Des voix discordantes se sont cependant fait entendre. Emeric Salmon (RN) a dénoncé un « anachronisme historique » et alerté sur les conséquences diplomatiques d’un tel précédent. D’autres, comme Daniel Labaronne (EPR), ont reconnu l’injustice tout en insistant sur les actions actuelles de la France à travers l’Agence Française de Développement (AFD), active en Haïti à hauteur de 160 millions d’euros.
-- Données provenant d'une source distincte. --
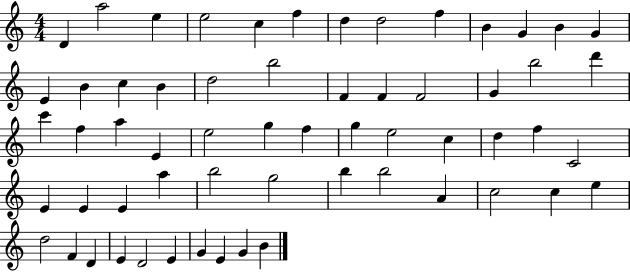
X:1
T:Untitled
M:4/4
L:1/4
K:C
D a2 e e2 c f d d2 f B G B G E B c B d2 b2 F F F2 G b2 d' c' f a E e2 g f g e2 c d f C2 E E E a b2 g2 b b2 A c2 c e d2 F D E D2 E G E G B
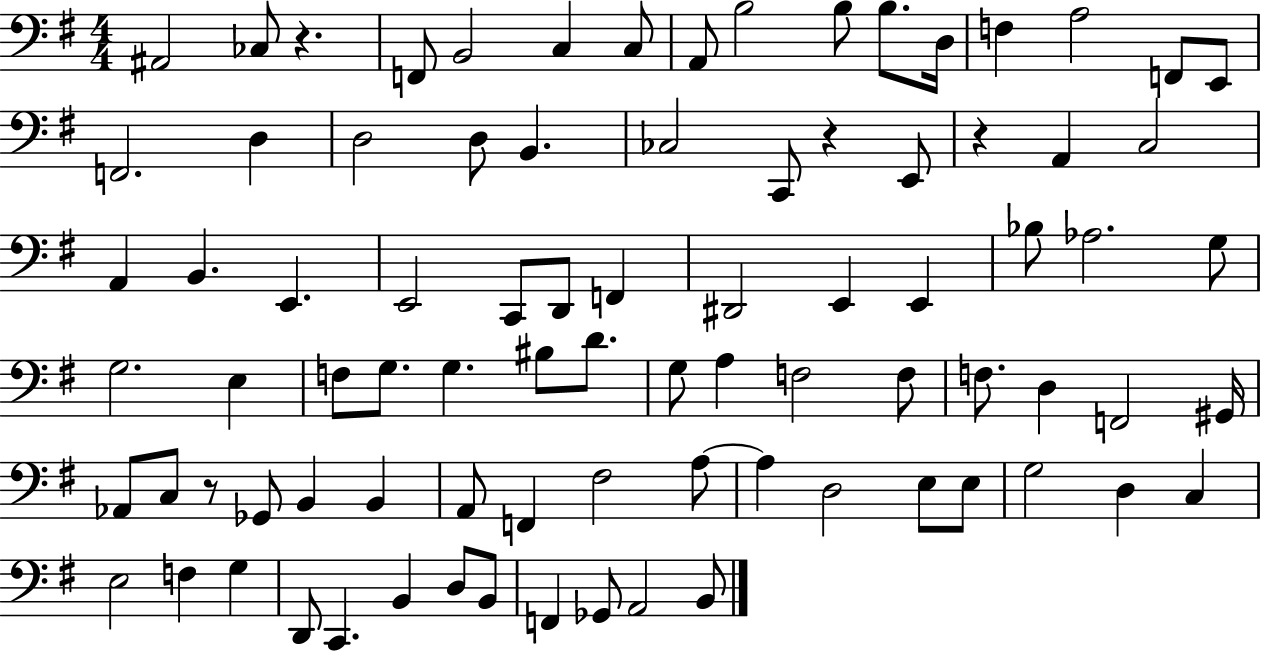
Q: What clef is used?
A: bass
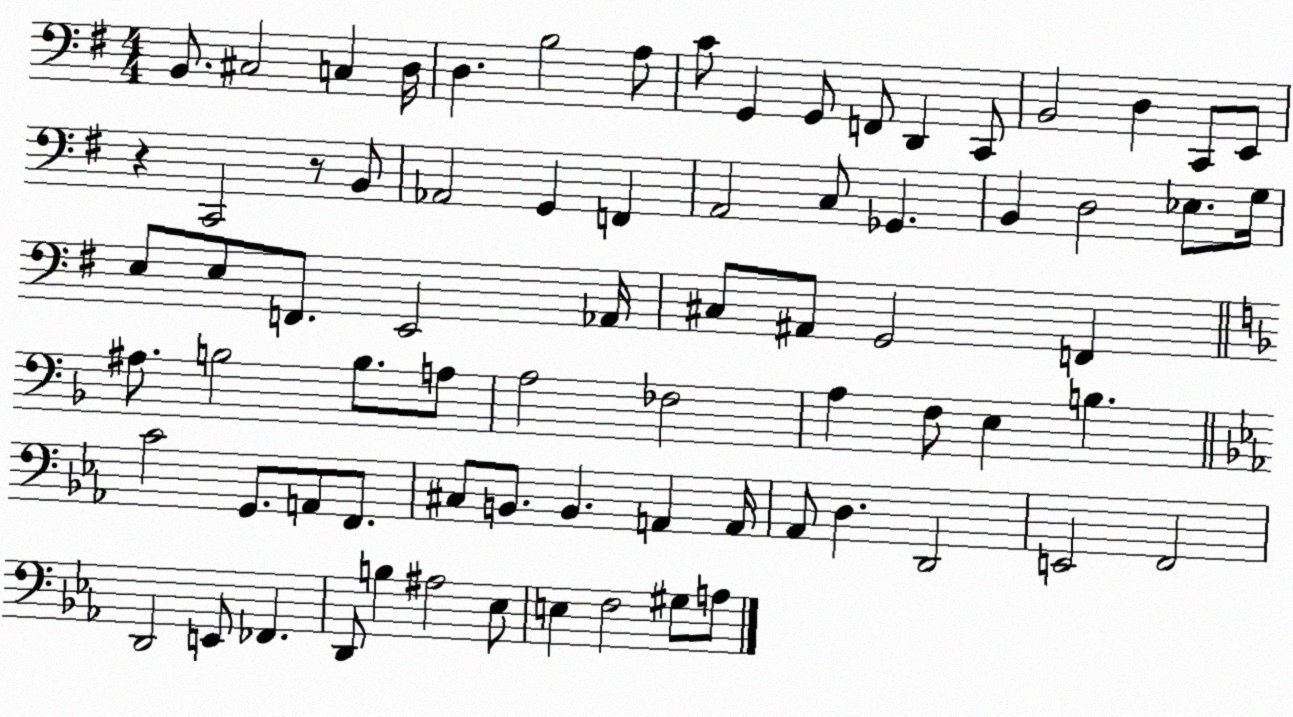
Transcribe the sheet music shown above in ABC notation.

X:1
T:Untitled
M:4/4
L:1/4
K:G
B,,/2 ^C,2 C, D,/4 D, B,2 A,/2 C/2 G,, G,,/2 F,,/2 D,, C,,/2 B,,2 D, C,,/2 E,,/2 z C,,2 z/2 B,,/2 _A,,2 G,, F,, A,,2 C,/2 _G,, B,, D,2 _E,/2 G,/4 E,/2 E,/2 F,,/2 E,,2 _A,,/4 ^C,/2 ^A,,/2 G,,2 F,, ^A,/2 B,2 B,/2 A,/2 A,2 _F,2 A, F,/2 E, B, C2 G,,/2 A,,/2 F,,/2 ^C,/2 B,,/2 B,, A,, A,,/4 _A,,/2 D, D,,2 E,,2 F,,2 D,,2 E,,/2 _F,, D,,/2 B, ^A,2 _E,/2 E, F,2 ^G,/2 A,/2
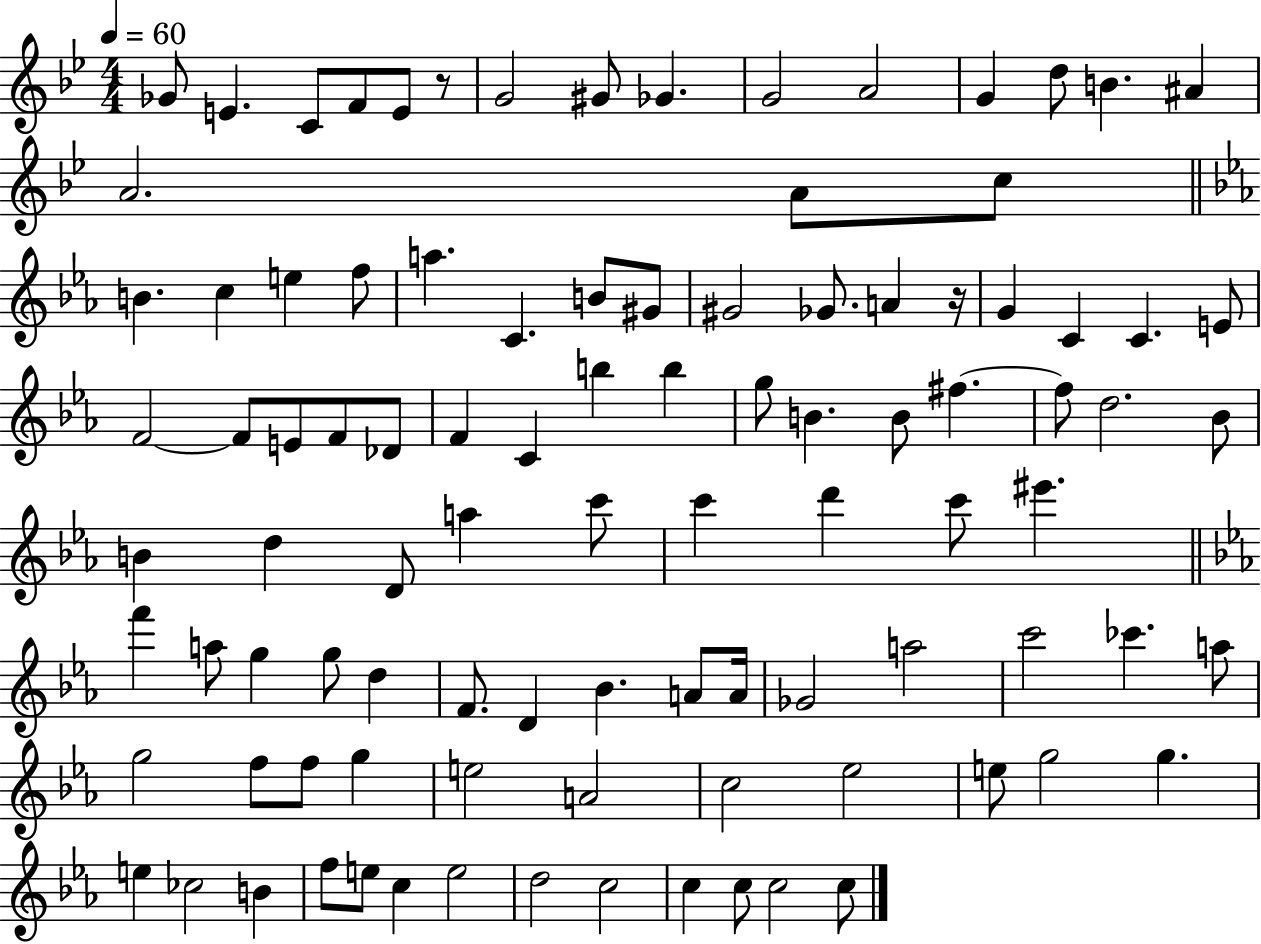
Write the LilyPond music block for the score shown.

{
  \clef treble
  \numericTimeSignature
  \time 4/4
  \key bes \major
  \tempo 4 = 60
  ges'8 e'4. c'8 f'8 e'8 r8 | g'2 gis'8 ges'4. | g'2 a'2 | g'4 d''8 b'4. ais'4 | \break a'2. a'8 c''8 | \bar "||" \break \key ees \major b'4. c''4 e''4 f''8 | a''4. c'4. b'8 gis'8 | gis'2 ges'8. a'4 r16 | g'4 c'4 c'4. e'8 | \break f'2~~ f'8 e'8 f'8 des'8 | f'4 c'4 b''4 b''4 | g''8 b'4. b'8 fis''4.~~ | fis''8 d''2. bes'8 | \break b'4 d''4 d'8 a''4 c'''8 | c'''4 d'''4 c'''8 eis'''4. | \bar "||" \break \key ees \major f'''4 a''8 g''4 g''8 d''4 | f'8. d'4 bes'4. a'8 a'16 | ges'2 a''2 | c'''2 ces'''4. a''8 | \break g''2 f''8 f''8 g''4 | e''2 a'2 | c''2 ees''2 | e''8 g''2 g''4. | \break e''4 ces''2 b'4 | f''8 e''8 c''4 e''2 | d''2 c''2 | c''4 c''8 c''2 c''8 | \break \bar "|."
}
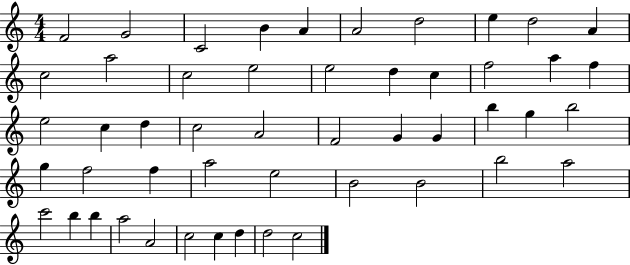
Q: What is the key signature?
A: C major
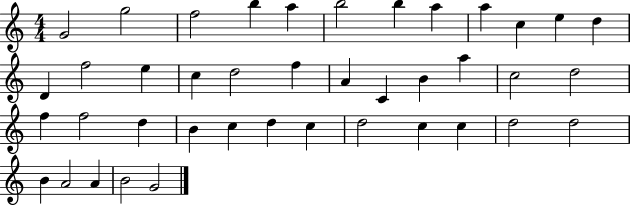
G4/h G5/h F5/h B5/q A5/q B5/h B5/q A5/q A5/q C5/q E5/q D5/q D4/q F5/h E5/q C5/q D5/h F5/q A4/q C4/q B4/q A5/q C5/h D5/h F5/q F5/h D5/q B4/q C5/q D5/q C5/q D5/h C5/q C5/q D5/h D5/h B4/q A4/h A4/q B4/h G4/h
Vers une commission indépendante de réparation
La résolution invite le gouvernement français à :
- reconnaître solennellement l’injustice de 1825 ;
- envisager les conséquences économiques et sociales à long terme ;
- mettre en place une commission indépendante chargée d’étudier les formes possibles de réparation (financière, symbolique, mémorielle).
Ce vote intervient quelques semaines après l’annonce par Emmanuel Macron de la création d’une commission franco-haïtienne, à l’occasion du bicentenaire de l’ordonnance de Charles X.
Une étape décisive pour la mémoire et l’avenir
Pour la FME, par la voix de son président Jean-Marc Ayrault, il est désormais temps que des institutions comme la Caisse des Dépôts participent pleinement à cette dynamique. « La France ne peut pas ignorer plus longtemps sa responsabilité historique », a-t-il déclaré dans un discours prononcé à Brest en mai dernier.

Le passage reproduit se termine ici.